I was on the road, early in the morning, and wanted a cup of coffee. Actually, I needed to get off the highway because traffic was pissing me off. Okay, not traffic...the drivers causing the traffic. So, get off the road and get a cup of coffee. I stopped at a coffee shop. I won't divulge the name of the place because they aren't paying me to advertise for them. And the name really doesn't matter anyway because they're all the same. I parked my car, went inside, and got in a line that was just like the traffic I got out of - everyone creeping forward slowly with their faces locked onto their smartphone screens.

Behind me, a man in his mid-40's with a bluetooth device wedged in his ear is in a conversation with some other jackass standing in a crowd somewhere else talking to himself, too. The guy is going on about his golf game, and how much better it's gotten since he started taking lessons from a golf pro. He's hitting straighter, but as far, so his scores are still around where they were when he was slicing every other ball into oblivion. But he hopes the scores will start dropping soon so he can justify the lessons, which likely cost him as much as he was paying for replacement golf balls. The talk turns to cars and the new penis on wheels he's been test driving. He'd buy it but the dealer's hassling him over the financing, meaning his ex-wife owns his credit score and he can't secure a low enough interest rate to make the payments. I'm fighting the urge to turn around and start mimicking him like a seven-year-old, repeating everything he says just to annoy him because he's annoying me. Immature, sure, but he started it.

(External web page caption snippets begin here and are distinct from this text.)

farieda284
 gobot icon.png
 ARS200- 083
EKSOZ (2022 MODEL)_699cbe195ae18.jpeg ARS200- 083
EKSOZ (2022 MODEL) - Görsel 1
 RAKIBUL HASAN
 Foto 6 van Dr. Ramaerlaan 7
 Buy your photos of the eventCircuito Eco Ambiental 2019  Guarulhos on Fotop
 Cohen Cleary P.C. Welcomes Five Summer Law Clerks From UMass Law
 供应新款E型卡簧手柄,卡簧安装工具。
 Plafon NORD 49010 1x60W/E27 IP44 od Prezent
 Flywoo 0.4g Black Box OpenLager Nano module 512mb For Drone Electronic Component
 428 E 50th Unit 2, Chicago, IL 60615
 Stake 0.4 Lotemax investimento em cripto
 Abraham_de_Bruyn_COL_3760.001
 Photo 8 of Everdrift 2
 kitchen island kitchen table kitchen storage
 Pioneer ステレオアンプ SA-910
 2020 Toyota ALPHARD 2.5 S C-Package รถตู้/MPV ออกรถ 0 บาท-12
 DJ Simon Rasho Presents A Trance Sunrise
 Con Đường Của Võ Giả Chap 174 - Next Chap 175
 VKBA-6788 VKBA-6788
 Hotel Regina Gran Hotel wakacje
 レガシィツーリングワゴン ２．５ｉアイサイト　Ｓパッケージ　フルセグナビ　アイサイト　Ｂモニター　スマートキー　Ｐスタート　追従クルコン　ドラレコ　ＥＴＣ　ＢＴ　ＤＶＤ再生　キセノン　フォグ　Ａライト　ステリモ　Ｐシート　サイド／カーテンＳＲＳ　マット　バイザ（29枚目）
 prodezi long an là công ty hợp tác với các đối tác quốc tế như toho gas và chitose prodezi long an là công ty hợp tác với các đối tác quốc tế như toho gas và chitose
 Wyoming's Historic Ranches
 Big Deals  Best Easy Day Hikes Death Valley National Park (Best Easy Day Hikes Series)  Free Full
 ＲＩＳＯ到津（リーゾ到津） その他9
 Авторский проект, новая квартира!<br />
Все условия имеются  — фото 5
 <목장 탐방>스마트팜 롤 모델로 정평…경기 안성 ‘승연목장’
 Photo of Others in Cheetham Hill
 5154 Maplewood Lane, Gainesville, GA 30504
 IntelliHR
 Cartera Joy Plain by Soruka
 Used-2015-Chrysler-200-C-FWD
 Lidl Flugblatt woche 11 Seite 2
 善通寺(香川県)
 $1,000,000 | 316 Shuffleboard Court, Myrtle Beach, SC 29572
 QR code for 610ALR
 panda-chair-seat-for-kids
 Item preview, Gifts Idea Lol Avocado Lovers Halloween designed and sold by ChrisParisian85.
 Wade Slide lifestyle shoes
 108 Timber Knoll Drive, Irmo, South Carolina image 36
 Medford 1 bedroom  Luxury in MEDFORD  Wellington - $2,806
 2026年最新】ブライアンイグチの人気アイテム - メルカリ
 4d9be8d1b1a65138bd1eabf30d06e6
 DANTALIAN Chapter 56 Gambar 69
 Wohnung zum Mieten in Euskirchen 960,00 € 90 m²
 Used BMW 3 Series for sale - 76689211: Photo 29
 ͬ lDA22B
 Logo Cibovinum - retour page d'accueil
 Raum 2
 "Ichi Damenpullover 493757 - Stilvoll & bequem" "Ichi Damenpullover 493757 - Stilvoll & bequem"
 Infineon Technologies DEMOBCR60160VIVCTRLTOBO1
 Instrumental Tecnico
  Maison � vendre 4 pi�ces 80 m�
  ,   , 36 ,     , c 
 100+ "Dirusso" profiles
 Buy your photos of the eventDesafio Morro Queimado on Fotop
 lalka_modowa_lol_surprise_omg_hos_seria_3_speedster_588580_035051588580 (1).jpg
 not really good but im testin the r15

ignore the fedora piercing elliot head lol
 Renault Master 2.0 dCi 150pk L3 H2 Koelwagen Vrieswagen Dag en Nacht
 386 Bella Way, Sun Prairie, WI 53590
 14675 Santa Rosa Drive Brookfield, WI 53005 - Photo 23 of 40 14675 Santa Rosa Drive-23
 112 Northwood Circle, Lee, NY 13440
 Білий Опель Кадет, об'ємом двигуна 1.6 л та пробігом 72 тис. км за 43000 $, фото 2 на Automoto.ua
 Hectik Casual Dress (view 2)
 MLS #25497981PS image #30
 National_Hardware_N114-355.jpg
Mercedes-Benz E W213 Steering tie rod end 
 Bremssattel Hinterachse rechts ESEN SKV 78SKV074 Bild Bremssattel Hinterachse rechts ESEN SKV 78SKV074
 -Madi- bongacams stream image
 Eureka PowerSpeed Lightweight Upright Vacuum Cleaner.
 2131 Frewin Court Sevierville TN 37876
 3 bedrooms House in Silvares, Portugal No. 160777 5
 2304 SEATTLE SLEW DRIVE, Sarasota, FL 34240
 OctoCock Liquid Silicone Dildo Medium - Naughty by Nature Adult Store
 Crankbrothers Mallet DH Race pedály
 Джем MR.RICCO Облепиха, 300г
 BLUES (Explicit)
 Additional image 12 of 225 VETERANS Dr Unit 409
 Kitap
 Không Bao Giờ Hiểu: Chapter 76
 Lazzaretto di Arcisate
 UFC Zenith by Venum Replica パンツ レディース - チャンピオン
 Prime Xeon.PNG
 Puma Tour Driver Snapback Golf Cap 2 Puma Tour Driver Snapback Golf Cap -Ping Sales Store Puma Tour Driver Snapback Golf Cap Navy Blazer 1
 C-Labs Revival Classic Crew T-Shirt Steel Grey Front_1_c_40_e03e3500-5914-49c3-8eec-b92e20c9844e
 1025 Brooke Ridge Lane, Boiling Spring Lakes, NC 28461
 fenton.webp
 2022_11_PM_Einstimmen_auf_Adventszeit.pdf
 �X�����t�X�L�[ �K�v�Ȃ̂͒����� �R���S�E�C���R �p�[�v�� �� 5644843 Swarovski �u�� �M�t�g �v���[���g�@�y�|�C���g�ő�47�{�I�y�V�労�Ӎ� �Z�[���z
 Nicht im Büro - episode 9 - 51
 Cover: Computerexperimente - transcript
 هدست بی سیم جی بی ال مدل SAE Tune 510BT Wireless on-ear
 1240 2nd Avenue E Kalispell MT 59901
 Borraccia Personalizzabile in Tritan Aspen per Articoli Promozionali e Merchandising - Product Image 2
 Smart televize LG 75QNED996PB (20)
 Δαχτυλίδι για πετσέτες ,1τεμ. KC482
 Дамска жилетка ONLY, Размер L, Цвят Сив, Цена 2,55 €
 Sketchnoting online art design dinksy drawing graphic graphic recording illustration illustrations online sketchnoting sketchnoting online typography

Over his shoulder, I see five guys on bicycles roll to a stop outside and unclip their feet from their pedals. They're all dressed in the same bike outfits like they're a road racing team. Their matching shirts have corporate logos all over them creating the pretense they are team sponsors, which is bullshit. The shirts were on sale at Sports Authority and one of the guys thought it'd look cool, so he bought five thus ensuring he'll still be on the "team." These guys talk the bike lifestyle, but they are phony from their padded-ass shorts to their fingerless gloves. Two of them can't even pronounce "Cinzano" correctly. They've been riding the two-lane roads in the foothill getting in the way of traffic since the asscrack of dawn, making commuters who have trouble passing even one of these idiots on a narrow road have to pass five. But these cyclists have the right to use the roads, and nothing's going to stop them as they cruise along in their little peloton, each one taking turns in the lead as they dream about being in "The Tour" or get to fulfill their Breaking Away fantasy.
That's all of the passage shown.